The most basic label ought to have the full Plant's Common Name. Sounds pretty obvious, right? Consider then the difference between: Dixie Chick and Dixie Chickadee; or Emerald City and Emerald City Chick; or Blue Cadet and Blue Cadet Edina. In each of these cases, if you leave one segment of the name off you, or your guests, might confuse it with another hosta. Abbreviating hosta names might also cause confusion at some point. Being clear and concise about the plant's name is important to begin with.

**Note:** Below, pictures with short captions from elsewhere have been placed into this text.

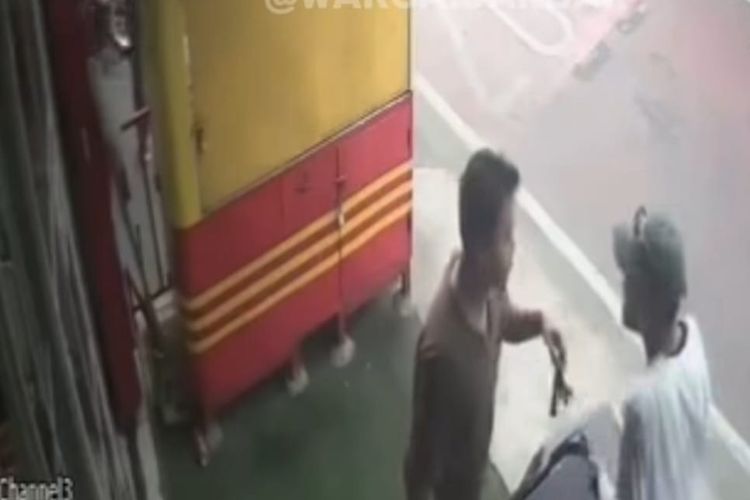 Kenal dari Transaksi Sepatu, Pria di Jakbar Diduga Ditipu hingga Motor dan Tablet Raib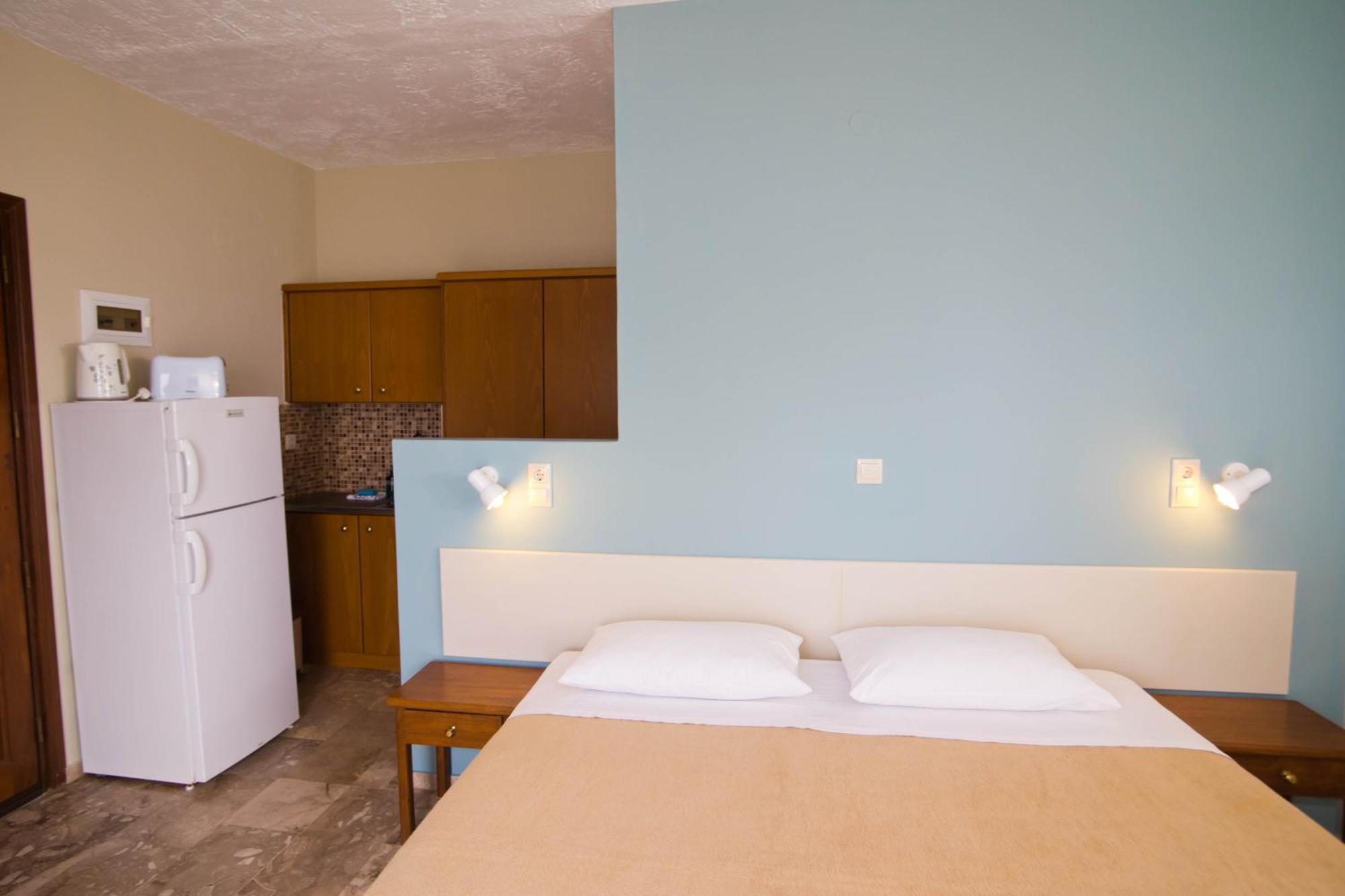 Acropolis Hotel Масурі Екстер'єр фото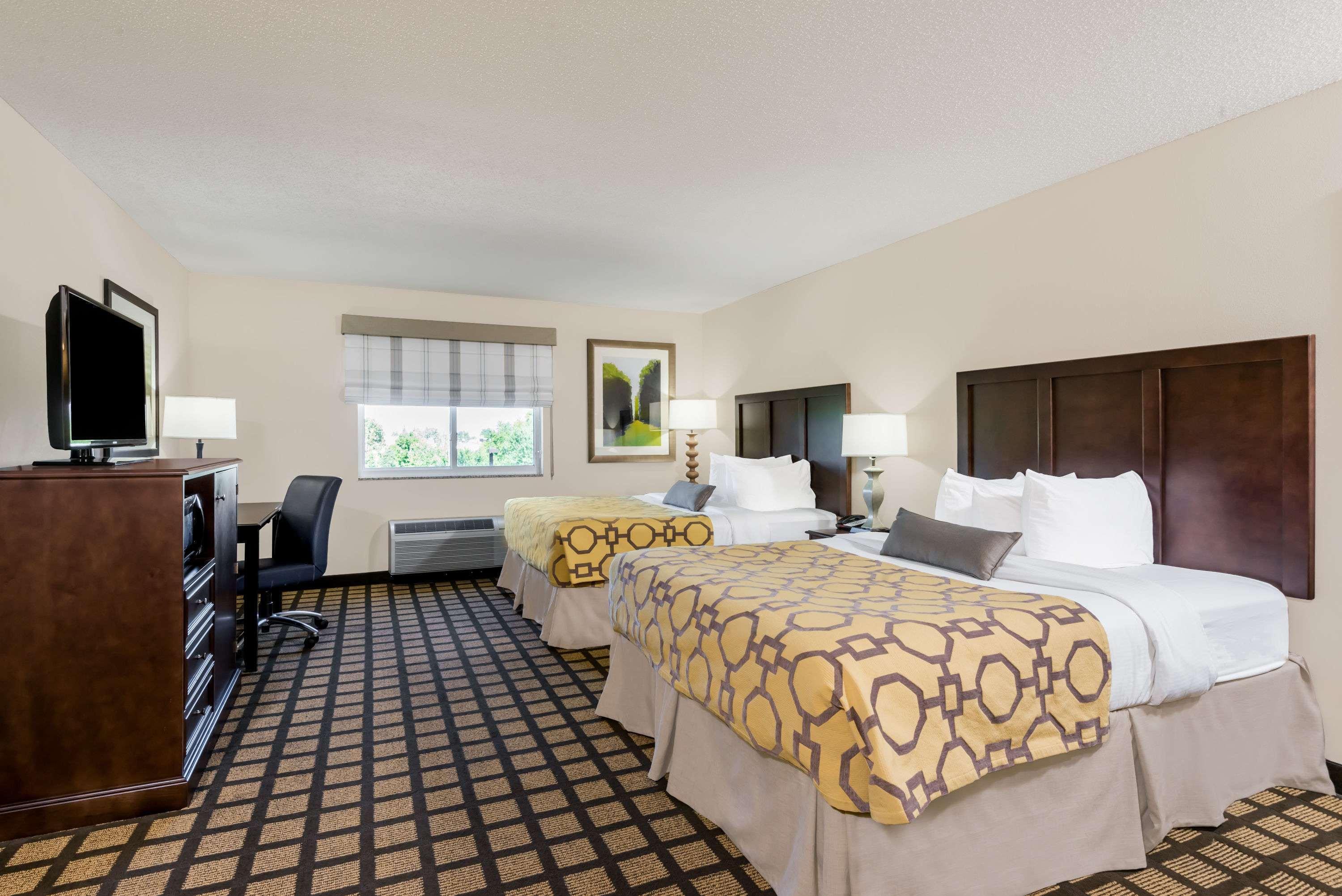 Baymont By Wyndham Erie Hotel Kearsarge Exterior photo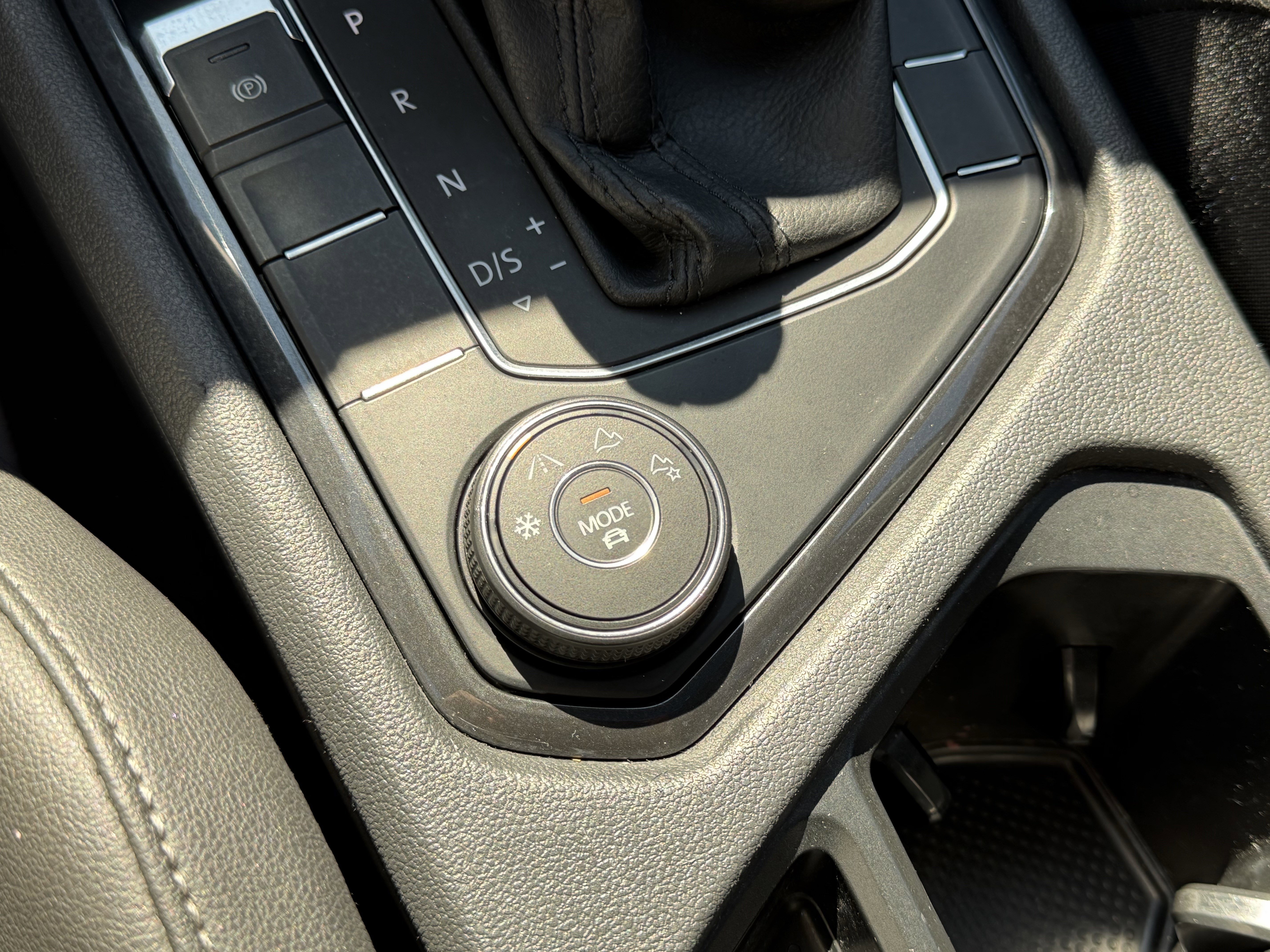 Used 2020 Volkswagen Tiguan SE w/ Panoramic Sunroof Package image 26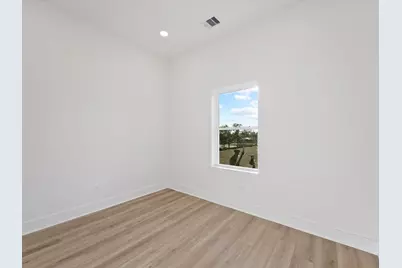 225 Noras Lane #F, Houston, TX 77022 - Photo 14
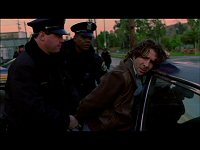 Loomis wird verhaftet.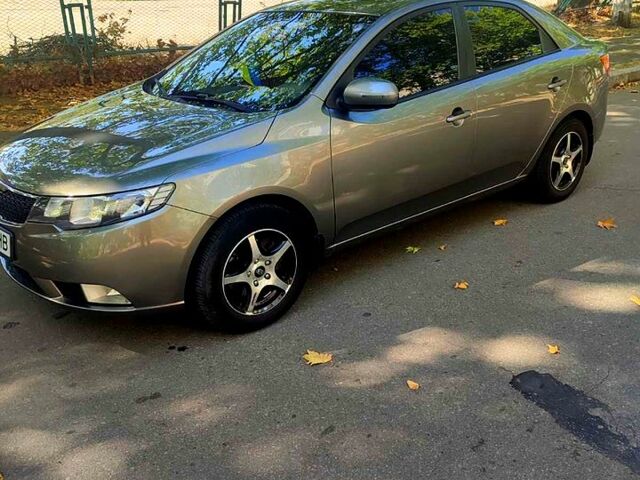 Киа Черато, объемом двигателя 1.6 л и пробегом 230 тыс. км за 6500 $, фото 1 на Automoto.ua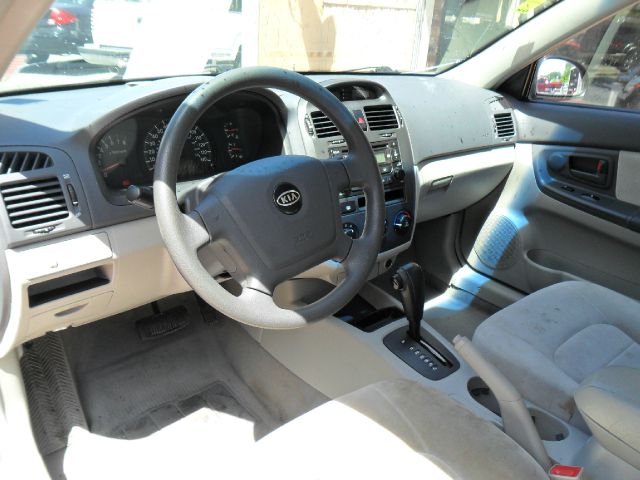 2006 Kia Spectra Open-top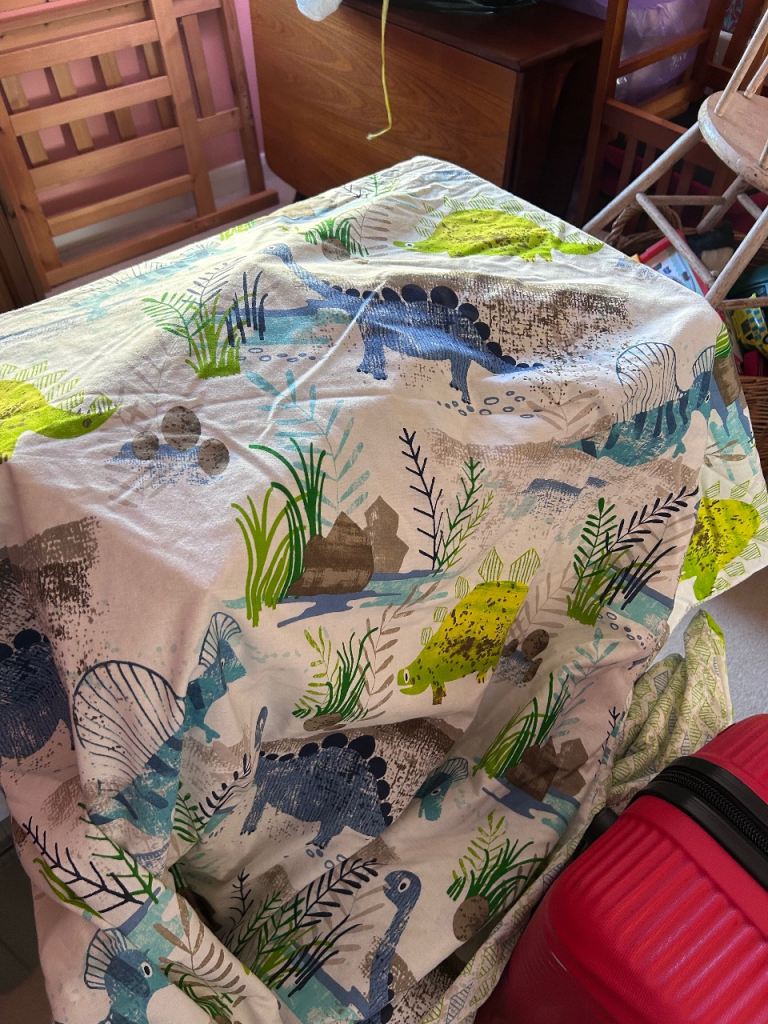 Child’s bedroom set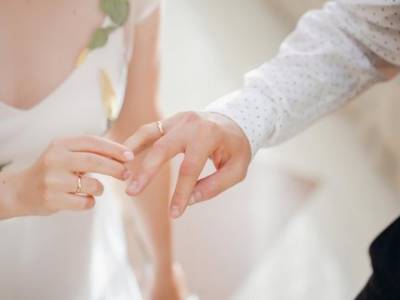 За женихами – в сёла, за невестами – в города: В Башкирии подсчитали количество молодых парней и девушек
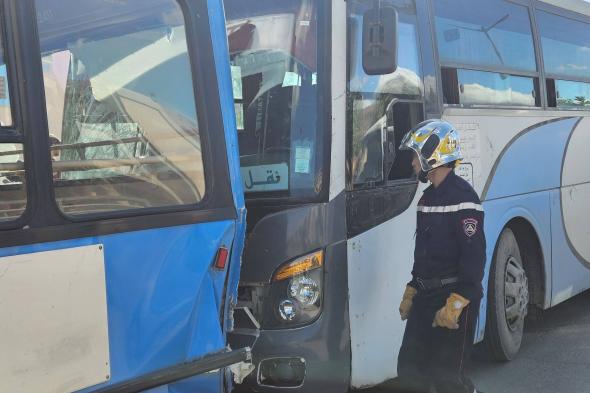 حصيلة
نهائية..
23
جريحا
في
اصطدام
بين
حافلتين
بحي
المنار
في
تيارت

IF you have a multisection garden where you might have 20 different genera of plants, then labeling your plants [Genus] ['Plant Name'] would be the more correct way of doing it. Hosta 'Dixie Chickadee' or Hosta 'Zodiac'. In this labeling the proper name is placed between single quotes. These single quotes I believe are the international botanical standard for labeling a plant (any plant). If you're going for accuracy ... the common name is ALWAYS lower case: Hosta 'dixie chickadee'. Note that hosta tend to have common names for their Plant Common Names … there are exceptions!
As if that is not confusing enough, there are purists who might say that proper labeling ought to read: [Genus] [Species] ['plant name']. With Hosta there's a pesky problem with that. As far as this author knows there is NO empirical listing of Hosta with their associated species name. YES, there are between 16 to 21 species (last time I noted) names between hosta; but there is no clean table showing the genus to the species to the plant's common name. In the hosta world there over 11,000 varieties.
It is at this point where you have other options to add to the label.
▪ Size Range: Plant Diameter, Plant Height, Scape Height. If you're in the US, indicate this in inches; not feet and inches. If you're in another part of the world, indicate this in centimeters; not meters and centimeters. Scape heights are less seen on planting stakes, but it is a distinguishing factor for the plant.
▪ Originator's Name
▪ Year of Introduction
▪ Registration Type: Unregistered, Registered, Plant Patent with its number, Trademarked.
▪ Acquired From
▪ Acquired When (Year)
There are other types of information you can add, but I will leave that to your discretion, your decision-making process, and to what you can afford. I would encourage labels that are high contrast in color and proper text height (16 point) for sight-impaired persons. If you go for top-of-the-line labeling, you can get brailled labels as well; some additional legal creativity will be needed for those because of laws and ADA regulations.
WHAT DO MY LABELS LOOK LIKE?
Common Plant Name PP nnnnn
Height: xx in. Diameter: xx in.
Plant Name Menu Codes:
In Gardner's collection: green.
In Collection but is an unregistered sport: BLUE.
Past Plants that are no longer in the collection: Brown.